Why is Laplacian sometimes defined as $-\operatorname{div}(\nabla f)$ and sometimes as $\operatorname{div}(\nabla f)$?

Question

Why is Laplacian sometimes defined as $-\operatorname{div}(\nabla f)$ and sometimes as $\operatorname{div}(\nabla f)$? What are the respective pros and cons of defining it with a negative and without negative sign?

Answer 1

Both definitions exist for the same reason: we prefer positive numbers to negative ones. They admit real square roots, they are closed under multiplication, they are easier to write ($-3$ vs $3$: two characters vs one).

So, it's nice to have $\Delta f = f_{x_1x_1} + \dots + f_{x_nx_n}$: positive coefficients, the coefficient matrix is positive-definite, the formula is shorter.

But then we start thinking of the Laplacian as a self-adjoint operator on a function space (Sobolev space $H^1_0$, usually) and discover that if it's defined as above, it is a negative operator: $$ \langle \Delta f, f\rangle = \int (\Delta f) f = - \int |\nabla f|^2 $$ So all of the eigenvalues are negative. And the spectrum of Laplacian turns out to be an important feature of its domain (the function space on which it acts, and the underlying point space). For example, the lowest eigenvalue is important... but what do I mean by lowest when they are negative... smallest in absolute value, right?
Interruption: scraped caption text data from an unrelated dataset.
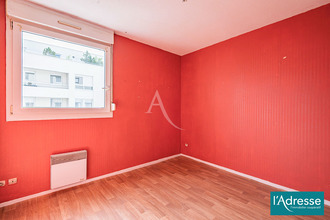  appartement reims 51100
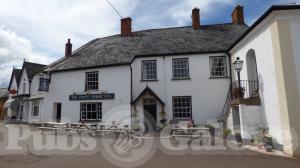Picture of White Horse Inn
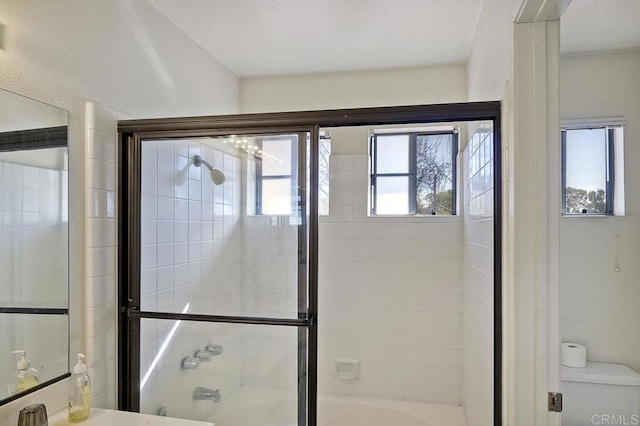 12534 Caminito Mira Del Mar, San Diego, CA 92130 - photo 13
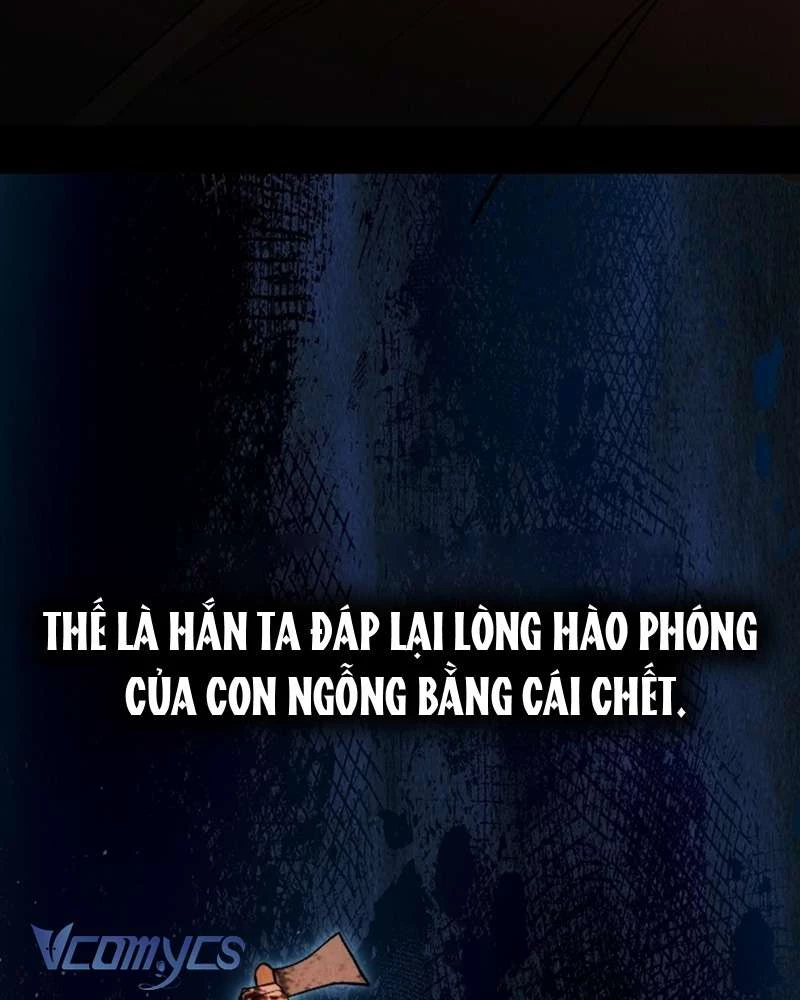 Hãy Dạy Em Cách Khao Khát Chapter 16 - Trang 11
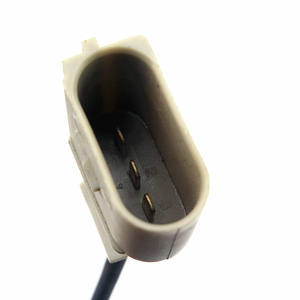 Датчик положения коленчатого вала 078906433A для VW Passat B5 Golf MK4 Beetle Bora Audi A3 S3 A6 A8 TT 1JD 906 433 078 906 433A - Product Image 5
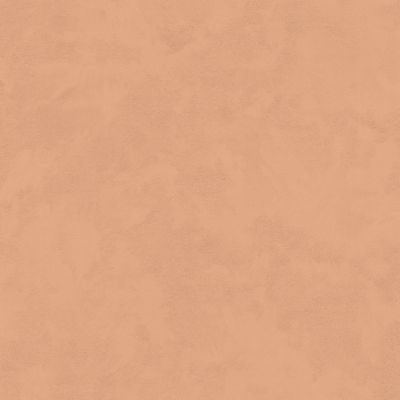 Papier peint vinyle intissé uni orange pêche L.53 x l.1005 cm GoodHome Izier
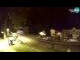 Webcam in Tarvisio, 5.3 km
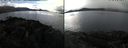 ./images/rivers-inlet/ethel/20220409/ethel20220409_170448.jpg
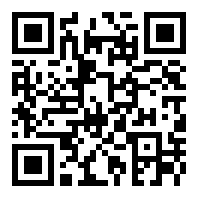 天猫精灵app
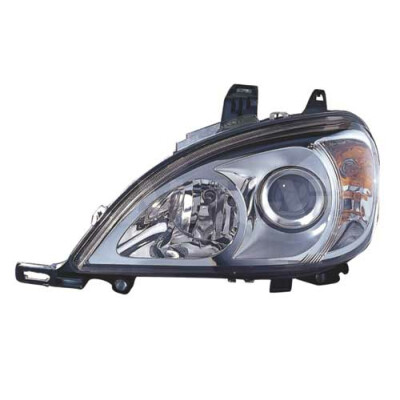 ALKAR 2745703 Faro anteriore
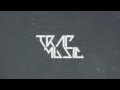 T.I. - No Mediocre ft. Iggy Azalea (Grandtheft ...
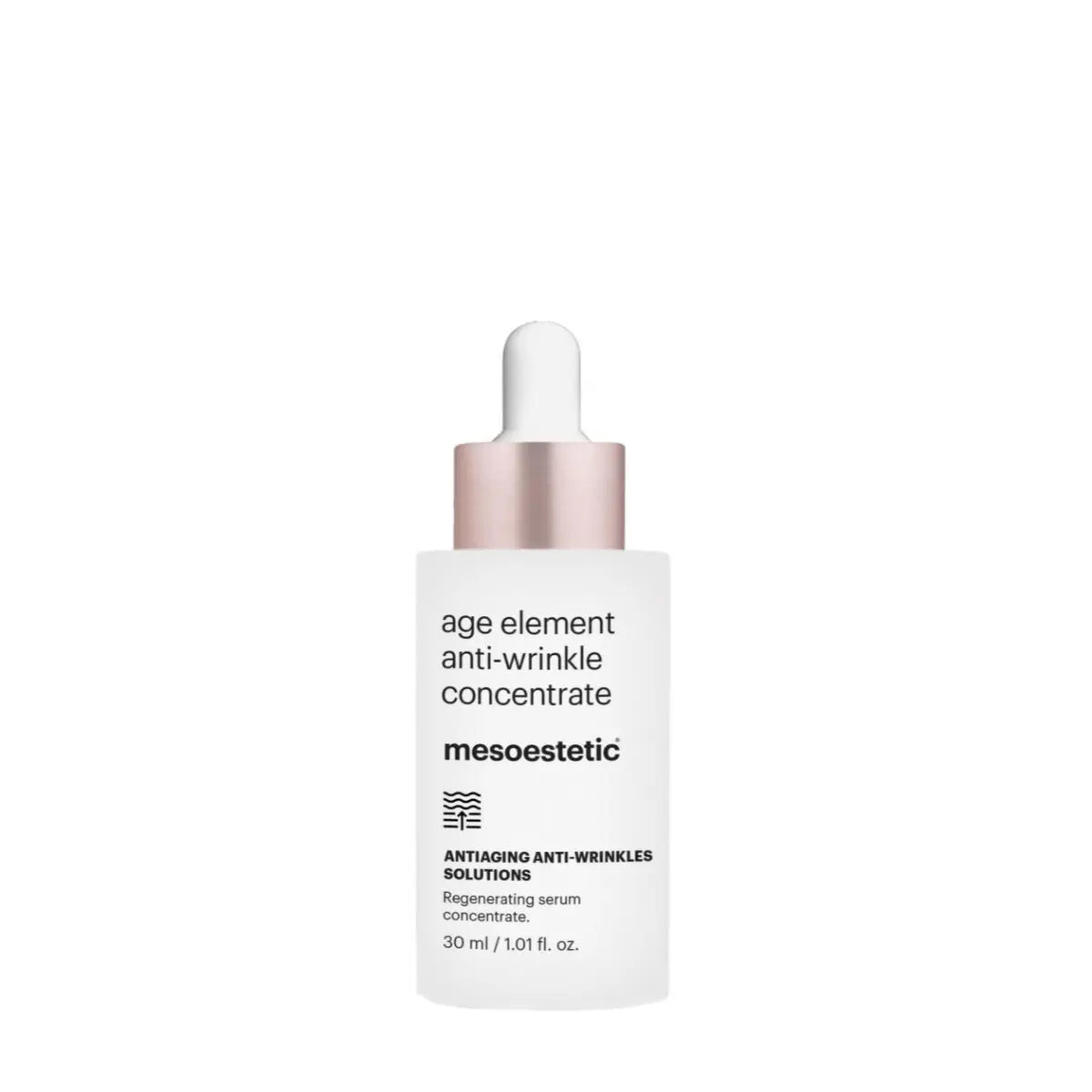 Mesoestetic Age Element Anti Wrinkle Concentrate
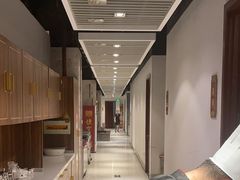-便宜坊烤鸭店(科创店)
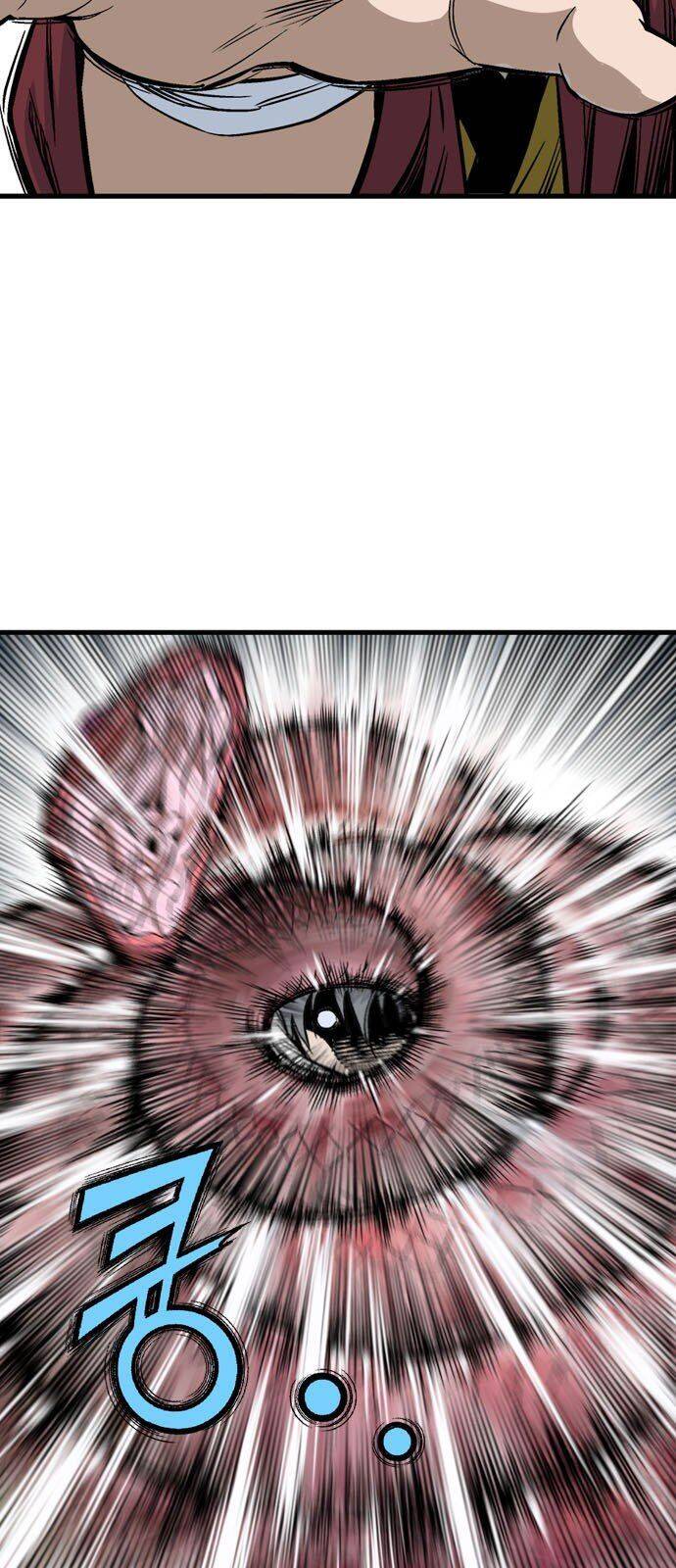 Cao Thủ 2 - Chương 139 - Trang 73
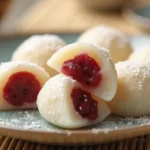 Daifuku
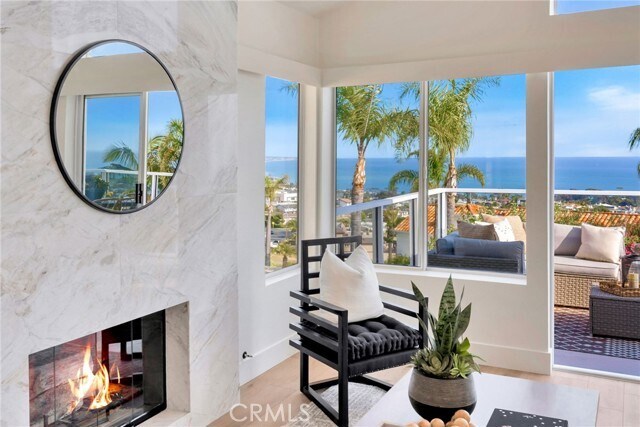Building Photo - 24976 Sea Crest Dr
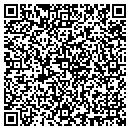 QR code with Ilboun Caffe Etc contacts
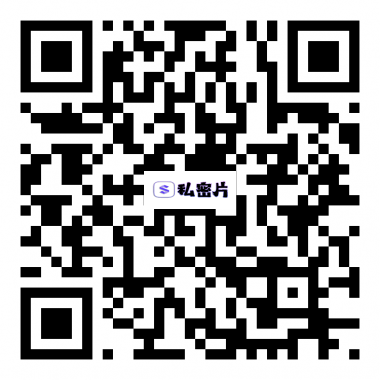 二维码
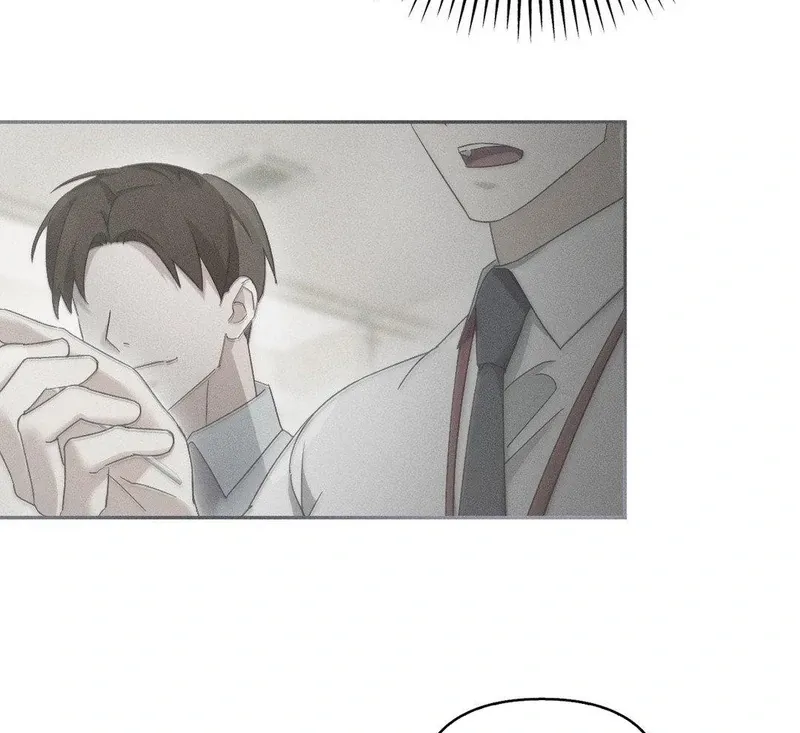 Blood Poker Chapter 9 page 56 - 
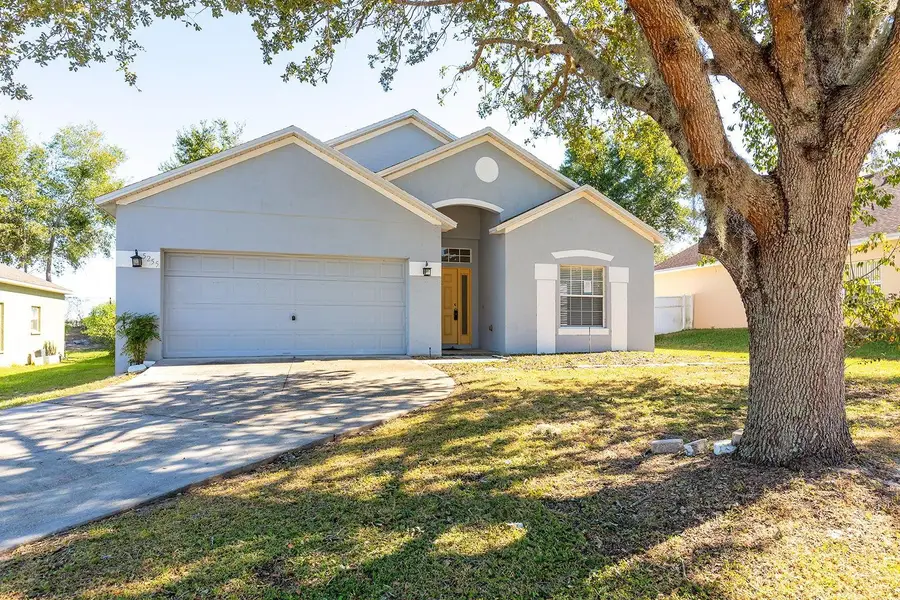 5255 Shale Ridge Trail, Orlando, FL 32818 - Image #2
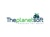 ThePlanetSoft logo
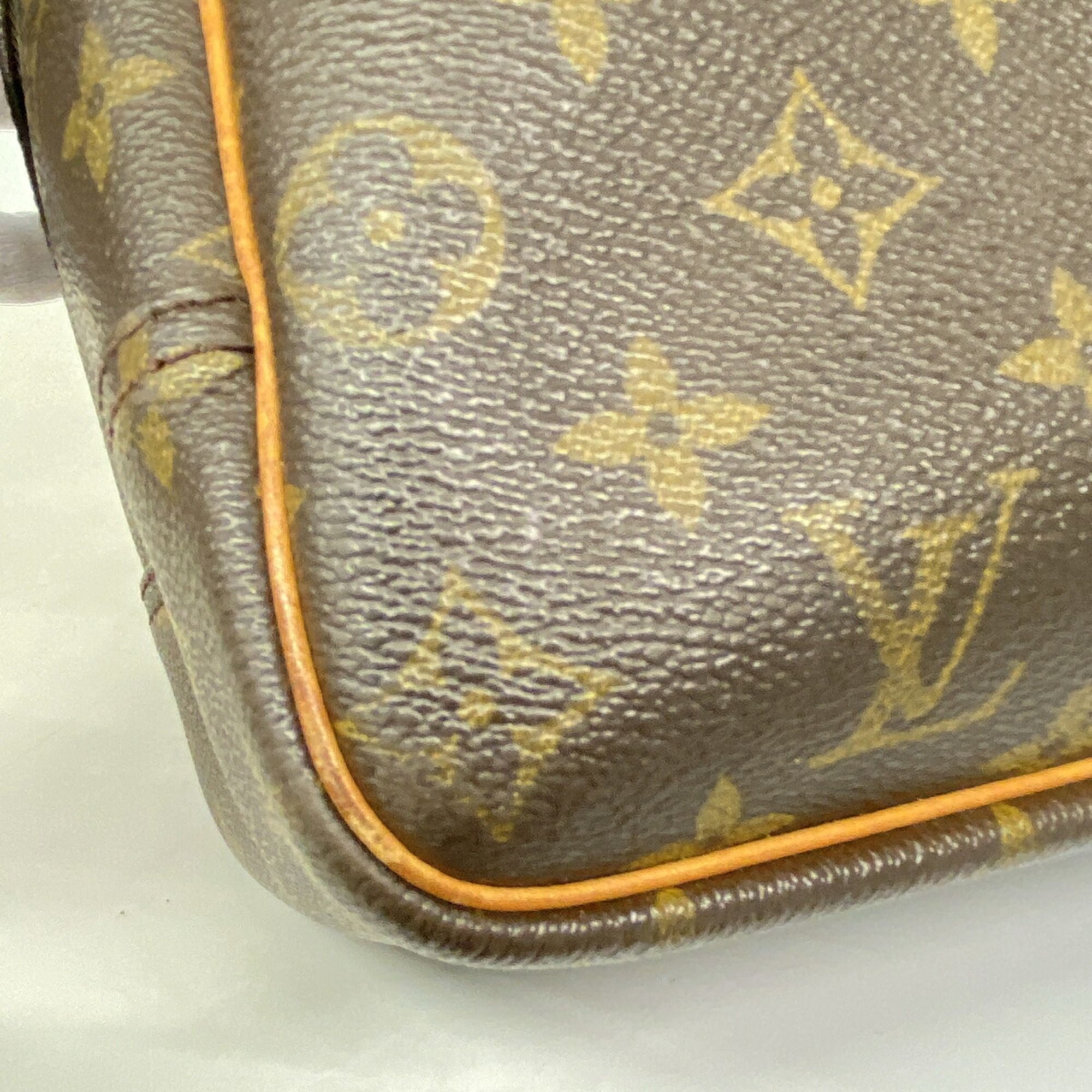 Handbag (Pre-Owned) - Louis Vuitton - Modalova
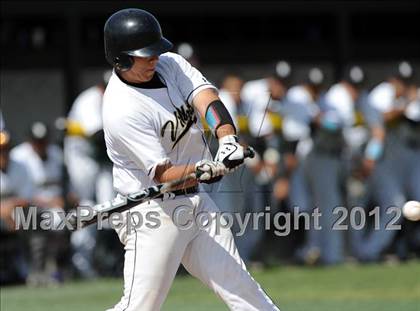 Thumbnail 2 in Covina @ Northview photogallery.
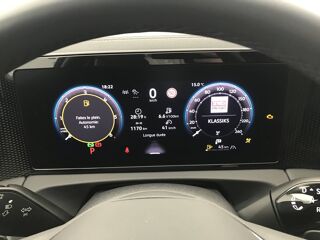 Tiguan 2.0 TDI 150ch DSG7 2025 occasion 25000 Besan&ccedil;on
Also, the square root of an operator is an important thing to have, so we want a positive operator.

For these reasons, as soon as we focus on the Laplacian as an operator, the choice $\Delta f = -(f_{x_1x_1} + \dots + f_{x_nx_n})$, or generally $\Delta f = - \operatorname{div}(\nabla f)$ (where the divergence and gradient may be taken with respect to some Riemannian metric) becomes preferable.